• Data records:
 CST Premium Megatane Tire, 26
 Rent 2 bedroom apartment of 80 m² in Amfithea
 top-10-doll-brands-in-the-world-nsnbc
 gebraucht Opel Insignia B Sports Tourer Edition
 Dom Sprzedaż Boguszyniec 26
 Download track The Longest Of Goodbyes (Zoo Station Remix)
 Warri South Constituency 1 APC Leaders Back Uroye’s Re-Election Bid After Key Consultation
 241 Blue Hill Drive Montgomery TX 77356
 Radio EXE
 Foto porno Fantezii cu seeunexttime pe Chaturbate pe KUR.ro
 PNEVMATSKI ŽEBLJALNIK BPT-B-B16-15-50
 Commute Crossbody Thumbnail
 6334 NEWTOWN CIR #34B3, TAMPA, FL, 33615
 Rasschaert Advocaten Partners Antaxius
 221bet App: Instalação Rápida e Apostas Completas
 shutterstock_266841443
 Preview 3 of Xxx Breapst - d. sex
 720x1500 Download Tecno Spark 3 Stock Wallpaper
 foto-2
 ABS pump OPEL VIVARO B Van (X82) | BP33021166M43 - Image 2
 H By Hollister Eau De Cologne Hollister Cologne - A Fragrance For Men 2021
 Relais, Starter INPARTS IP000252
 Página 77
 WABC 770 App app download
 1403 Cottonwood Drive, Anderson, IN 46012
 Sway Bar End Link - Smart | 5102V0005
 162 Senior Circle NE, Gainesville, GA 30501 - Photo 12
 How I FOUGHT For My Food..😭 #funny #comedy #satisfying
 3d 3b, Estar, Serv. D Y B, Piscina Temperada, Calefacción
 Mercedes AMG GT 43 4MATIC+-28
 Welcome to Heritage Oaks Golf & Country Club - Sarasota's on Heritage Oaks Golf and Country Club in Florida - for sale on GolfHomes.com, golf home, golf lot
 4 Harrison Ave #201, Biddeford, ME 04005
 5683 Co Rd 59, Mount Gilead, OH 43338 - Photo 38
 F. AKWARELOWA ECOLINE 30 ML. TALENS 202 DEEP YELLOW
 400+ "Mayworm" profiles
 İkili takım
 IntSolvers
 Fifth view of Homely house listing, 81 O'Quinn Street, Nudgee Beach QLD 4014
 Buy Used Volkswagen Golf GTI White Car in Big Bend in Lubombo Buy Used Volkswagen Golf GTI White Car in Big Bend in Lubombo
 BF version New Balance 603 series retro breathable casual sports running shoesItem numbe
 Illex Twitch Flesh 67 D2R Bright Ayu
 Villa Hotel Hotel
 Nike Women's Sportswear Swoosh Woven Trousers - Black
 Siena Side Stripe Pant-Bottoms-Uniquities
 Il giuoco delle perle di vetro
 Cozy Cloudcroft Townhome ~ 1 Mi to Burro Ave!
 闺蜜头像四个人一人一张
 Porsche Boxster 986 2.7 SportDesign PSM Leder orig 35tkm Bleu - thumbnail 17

• The problem:
Looking at the entries above, work out how many lines include the word "Photo" and reply with that number alone.

• Response below:
2